Tuesday, February 22, 2011

Review: Cedar Rapids


I just wanted to offer a few words on this new comedy from Office funnyman Ed Helms.  Comedy is difficult for me, I suppose it's difficult for most.  To try and predict if a movie will make me laugh is virtually impossible.  My feelings toward new comedy are apprehensive at best, same with new horror films.  And so I pretty much avoid new comedies unless I'm explicitly told by a tried and true source that I must see such-and-such.  This is how I avoided seeing The Hangover for so long.  A movie that I wrote off as another man-child adventure and this time in that most cliched of movie cities, Las Vegas.  However, one day on a trip to the supermarket, I stopped at the Redbox looking for new fare only to find nothing.  My girlfriend is always in favor of a comedy.  (I, always foreign art-house, which I guess can become tiresome.)  So I figured I'd give it a go with The Hangover, as it was the only comedy I thought might not be completely terrible.  Well, that or G-Force.  The movie was pleasant surprise that had me laughing out loud from the first paging of Dr.

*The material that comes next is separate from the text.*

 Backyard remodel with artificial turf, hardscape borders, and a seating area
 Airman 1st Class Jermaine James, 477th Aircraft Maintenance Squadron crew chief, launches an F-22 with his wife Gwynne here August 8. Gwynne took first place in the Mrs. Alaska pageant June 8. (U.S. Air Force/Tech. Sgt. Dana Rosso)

Faggot. 


Zach Galifianakis was the anchor of the movie with Helms and Bradley Cooper playing the straight men.  In Cedar Rapids, Helms plays the straight man again, but this time as the protagonist.  He has to play it straight for us to care about him at all and he does it well.  I don't think it's ever difficult to sympathize with him, even as the often irritating Andy Bernard.  In Rapids Helms plays a Midwestern insurance salesman, Tim Lippe,  sent to an insurance convention in the eponymous city and it is immediately apparent that this is a case of a little fish in a...er slightly bigger pond.  Hell, he's probably never been out of his one-stoplight valley town.  He's a good guide and easy to root for, but ultimately not that funny.  His best lines are ones that implicitly express his ignorance of the world around him.  Isaiah Whitlock Jr.  plays a fellow insurance salesman who plays it straight throughout.  (Except for the much talked about Omar Little dialogue.)  Not surprisingly it's John C. Reilly who gives the movie real comedy credibility.  He's irreverant and loud and just profane, but still somehow likeable.  He represents the truth underneath all the Midwestern Bible thumping.  People are fucked up and he's not scared to show it.  To put it plainly, John C. Reilly is the reason to see this movie.  There is a fairly interesting story about man who comes to terms with the darkness of world around him.  Like Blue Velvet, but with less Dennis Hopper and less disembodied ears.  There were moments that dragged, when I found myself looking at the velvet curtains in the theater.  Overall pretty good, and not a waste of time, thanks to John C. Reilly.